Tiga nama kudus senama dengan mana Tuhan dikenal sebelum ini dan terungkap adalah "Elohim (Allah), Adonai (TUHAN), dan Elshaddai (Tuhan Yang Maha Esa). Wujud Agung disebut Allah, TUHAN Allah, dan Elshaddai atau Tuhan Yang Maha Esa. Pada yang membakar semak itu namanya ehyeh adalah ehyeh! Diterjemahkan artinya "AKU ADALAH AKU" (bukan nama yang sebenarnya). 

"Dan aku menampakkan diri kepada Abraham, kepada Ishak, dan Yakub, dengan nama Tuhan Yang Maha Esa (Elshaddai), tetapi mereka tidak mengenalku sebagi EHYEH" (BJV EXO 6:3).

Berikut adalah salinan aktual sebagian dari Dead Sea Scroll dari Mazmur 119:59-64, ditulis dalam alfabet (Babel) Aram.Teks adalah Talmud-Babel (Aram) dan tidak lebih tua dari mungkin sekitar 30SM-50M. Gulungan ini dibuat oleh sekte Yahudi Babilonia sekitar 100 - 700 setelah Masehi (bukan sebelum Yesus)


PERHATIKAN YANG BERPANAH BIRU. Jika anda perhatikan bukankah secara tulisan berbeda dengan tulisan lainnya. Tulisan itu adalah huruf Paleo Ibrani kuno sebelum penawanan di Babel. Ini menunjukkan adanya pemalsuan disitu. Tidak diketahu pasti apa empat huruf itu, apakah YHWH atau YHVH. Titik lain adalah fakta bahwa tidak ada huruf "W" dalam abjad Ibrani. Surat ini bukan Paleo Ibrani untuk V atau W. Lalu apakah huruf ketiga? 

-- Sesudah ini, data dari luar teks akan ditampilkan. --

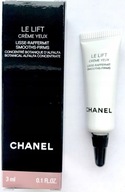 Chanel Le Lift Creme Yeux očný krém 3ml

                                                              


Lihatlah huruf merah ke dibawah dan bandingkan dengan huruf ketiga ke kiri diatas. Mereka TIDAK sama.
 

Jadi huruf apa yang dilewatkan pada huruf ke tiga?. Apakah V atau W?. Sepertinya itu S. jadi huruf diatas kemungkinan IHSH ==> IEHSHU==>IEHSHUS, aturan tatabahasa bahwa I diikuti vokal menjadi J maka menjadi JEHSHUS==>JESUS. Dengan demikian ada yang sengaja mengganti IHSH dengan YHVH atau YHWH.

Dari pemahamanku, kedua-duanya sama-sama memalsu tulisan aslinya. Karena di Mazmur 119:59-64 tertuju ke Tuhan yang sejati (Elohim), bukan Yesus atau Yahweh.

Yesus berteriak : “Eloi, Eloi, lama sabakhtani?” Artinya: Allah-Ku, Allah-Ku, mengapa Engkau meninggalkan Aku?” (Mt 27:46; Mk 15:34; Lk 23:46).